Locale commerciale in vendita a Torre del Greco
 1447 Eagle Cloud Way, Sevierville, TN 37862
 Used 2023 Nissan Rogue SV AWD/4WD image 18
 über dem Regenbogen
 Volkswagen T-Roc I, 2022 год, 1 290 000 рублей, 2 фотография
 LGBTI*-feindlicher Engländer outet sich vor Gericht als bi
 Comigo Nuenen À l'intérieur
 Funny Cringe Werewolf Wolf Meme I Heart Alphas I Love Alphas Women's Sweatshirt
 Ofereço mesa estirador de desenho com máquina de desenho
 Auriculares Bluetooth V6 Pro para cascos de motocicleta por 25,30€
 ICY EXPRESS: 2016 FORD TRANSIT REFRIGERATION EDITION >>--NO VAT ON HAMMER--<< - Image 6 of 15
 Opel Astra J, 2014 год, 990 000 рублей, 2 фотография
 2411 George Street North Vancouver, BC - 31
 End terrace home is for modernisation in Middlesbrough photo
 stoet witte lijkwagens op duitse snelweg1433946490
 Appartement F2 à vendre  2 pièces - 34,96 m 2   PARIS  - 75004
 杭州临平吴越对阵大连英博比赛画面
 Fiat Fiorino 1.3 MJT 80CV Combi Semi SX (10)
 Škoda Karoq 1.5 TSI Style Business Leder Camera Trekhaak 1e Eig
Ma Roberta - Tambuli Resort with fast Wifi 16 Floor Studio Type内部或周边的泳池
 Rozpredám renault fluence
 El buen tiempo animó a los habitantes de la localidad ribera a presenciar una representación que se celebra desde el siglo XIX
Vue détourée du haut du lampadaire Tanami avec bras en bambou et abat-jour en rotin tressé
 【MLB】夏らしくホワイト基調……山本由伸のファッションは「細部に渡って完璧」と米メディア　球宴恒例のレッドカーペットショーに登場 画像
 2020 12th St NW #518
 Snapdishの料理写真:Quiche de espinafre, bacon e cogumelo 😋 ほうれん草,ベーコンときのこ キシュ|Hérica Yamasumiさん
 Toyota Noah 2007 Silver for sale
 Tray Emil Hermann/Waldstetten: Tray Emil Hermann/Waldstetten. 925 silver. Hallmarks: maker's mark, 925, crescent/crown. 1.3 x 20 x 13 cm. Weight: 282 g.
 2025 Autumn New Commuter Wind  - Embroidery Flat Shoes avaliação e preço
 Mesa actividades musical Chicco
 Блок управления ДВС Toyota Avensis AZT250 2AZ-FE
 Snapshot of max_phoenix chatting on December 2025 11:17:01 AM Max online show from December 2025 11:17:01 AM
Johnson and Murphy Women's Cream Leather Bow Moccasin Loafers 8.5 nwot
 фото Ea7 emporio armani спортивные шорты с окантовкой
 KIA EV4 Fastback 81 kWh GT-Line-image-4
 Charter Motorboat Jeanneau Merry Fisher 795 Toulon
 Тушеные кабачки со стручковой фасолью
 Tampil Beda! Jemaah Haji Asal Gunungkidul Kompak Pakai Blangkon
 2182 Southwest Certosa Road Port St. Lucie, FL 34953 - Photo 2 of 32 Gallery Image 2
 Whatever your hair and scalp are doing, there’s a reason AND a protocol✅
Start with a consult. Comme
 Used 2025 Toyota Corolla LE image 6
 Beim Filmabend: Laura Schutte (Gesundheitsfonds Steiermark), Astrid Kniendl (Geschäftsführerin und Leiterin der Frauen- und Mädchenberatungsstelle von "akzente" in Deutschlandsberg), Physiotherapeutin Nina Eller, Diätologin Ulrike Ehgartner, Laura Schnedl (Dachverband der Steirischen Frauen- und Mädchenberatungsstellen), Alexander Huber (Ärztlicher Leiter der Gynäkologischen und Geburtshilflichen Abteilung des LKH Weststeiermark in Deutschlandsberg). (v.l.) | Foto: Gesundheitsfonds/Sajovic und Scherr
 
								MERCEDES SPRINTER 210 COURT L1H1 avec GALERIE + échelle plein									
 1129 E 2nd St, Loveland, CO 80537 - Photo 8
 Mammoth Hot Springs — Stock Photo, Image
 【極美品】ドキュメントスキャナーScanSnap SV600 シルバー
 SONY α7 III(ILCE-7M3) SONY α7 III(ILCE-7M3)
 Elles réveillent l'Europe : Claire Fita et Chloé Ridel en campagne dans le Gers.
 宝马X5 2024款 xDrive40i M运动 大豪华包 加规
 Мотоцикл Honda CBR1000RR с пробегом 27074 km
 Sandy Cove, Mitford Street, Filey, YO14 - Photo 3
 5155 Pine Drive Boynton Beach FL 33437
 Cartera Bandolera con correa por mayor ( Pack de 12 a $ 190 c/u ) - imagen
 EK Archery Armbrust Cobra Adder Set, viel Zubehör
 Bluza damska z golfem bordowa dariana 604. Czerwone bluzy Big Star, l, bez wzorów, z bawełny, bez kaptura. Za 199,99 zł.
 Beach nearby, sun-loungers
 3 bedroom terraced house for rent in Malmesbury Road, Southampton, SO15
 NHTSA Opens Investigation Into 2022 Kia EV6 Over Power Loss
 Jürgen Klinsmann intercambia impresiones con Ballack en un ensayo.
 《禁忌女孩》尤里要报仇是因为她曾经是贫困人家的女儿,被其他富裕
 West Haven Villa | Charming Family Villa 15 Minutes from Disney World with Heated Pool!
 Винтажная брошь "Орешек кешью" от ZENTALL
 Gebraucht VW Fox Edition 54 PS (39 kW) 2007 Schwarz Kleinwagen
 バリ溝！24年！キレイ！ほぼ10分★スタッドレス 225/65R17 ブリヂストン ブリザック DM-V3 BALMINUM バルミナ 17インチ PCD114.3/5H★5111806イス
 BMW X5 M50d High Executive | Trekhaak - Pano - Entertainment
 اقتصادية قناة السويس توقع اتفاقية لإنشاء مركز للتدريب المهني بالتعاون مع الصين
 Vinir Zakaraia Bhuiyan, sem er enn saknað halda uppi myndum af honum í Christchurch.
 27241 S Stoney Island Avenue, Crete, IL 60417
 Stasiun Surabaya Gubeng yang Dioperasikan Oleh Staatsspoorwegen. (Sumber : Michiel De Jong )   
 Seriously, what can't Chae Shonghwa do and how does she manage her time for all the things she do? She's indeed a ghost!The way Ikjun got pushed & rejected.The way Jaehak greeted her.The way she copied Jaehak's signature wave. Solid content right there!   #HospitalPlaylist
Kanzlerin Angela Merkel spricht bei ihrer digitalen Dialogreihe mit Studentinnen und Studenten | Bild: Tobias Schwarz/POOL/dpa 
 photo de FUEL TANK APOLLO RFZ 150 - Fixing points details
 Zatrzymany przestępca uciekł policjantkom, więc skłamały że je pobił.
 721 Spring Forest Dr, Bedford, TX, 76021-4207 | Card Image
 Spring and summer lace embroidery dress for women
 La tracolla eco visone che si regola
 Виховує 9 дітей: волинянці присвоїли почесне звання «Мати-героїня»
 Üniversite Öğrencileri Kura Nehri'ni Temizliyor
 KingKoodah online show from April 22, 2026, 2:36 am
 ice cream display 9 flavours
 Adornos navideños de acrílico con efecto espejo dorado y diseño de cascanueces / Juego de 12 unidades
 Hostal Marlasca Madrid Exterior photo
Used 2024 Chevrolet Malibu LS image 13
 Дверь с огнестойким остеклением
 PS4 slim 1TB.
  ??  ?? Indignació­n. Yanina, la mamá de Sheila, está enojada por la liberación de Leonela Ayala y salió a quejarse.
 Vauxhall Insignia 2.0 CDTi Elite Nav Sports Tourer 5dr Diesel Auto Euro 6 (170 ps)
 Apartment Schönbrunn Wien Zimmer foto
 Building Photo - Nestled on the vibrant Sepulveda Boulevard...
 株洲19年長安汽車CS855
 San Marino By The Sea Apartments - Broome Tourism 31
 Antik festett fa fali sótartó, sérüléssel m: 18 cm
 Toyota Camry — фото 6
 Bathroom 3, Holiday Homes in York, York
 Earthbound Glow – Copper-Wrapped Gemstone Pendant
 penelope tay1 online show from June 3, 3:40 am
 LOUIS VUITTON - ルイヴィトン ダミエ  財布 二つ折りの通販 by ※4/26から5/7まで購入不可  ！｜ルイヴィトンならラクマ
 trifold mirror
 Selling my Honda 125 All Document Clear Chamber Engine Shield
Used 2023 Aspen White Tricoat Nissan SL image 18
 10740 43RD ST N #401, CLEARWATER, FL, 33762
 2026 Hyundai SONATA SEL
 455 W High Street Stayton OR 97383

Exercise brief: Give back exactly the lines above, from the line containing "Виховує 9 дітей: волинянці" through the line containing "Hostal Marlasca Madrid Exterior photo", with both end lines and nothing more.

Response:
 Виховує 9 дітей: волинянці присвоїли почесне звання «Мати-героїня»
 Üniversite Öğrencileri Kura Nehri'ni Temizliyor
 KingKoodah online show from April 22, 2026, 2:36 am
 ice cream display 9 flavours
 Adornos navideños de acrílico con efecto espejo dorado y diseño de cascanueces / Juego de 12 unidades
 Hostal Marlasca Madrid Exterior photo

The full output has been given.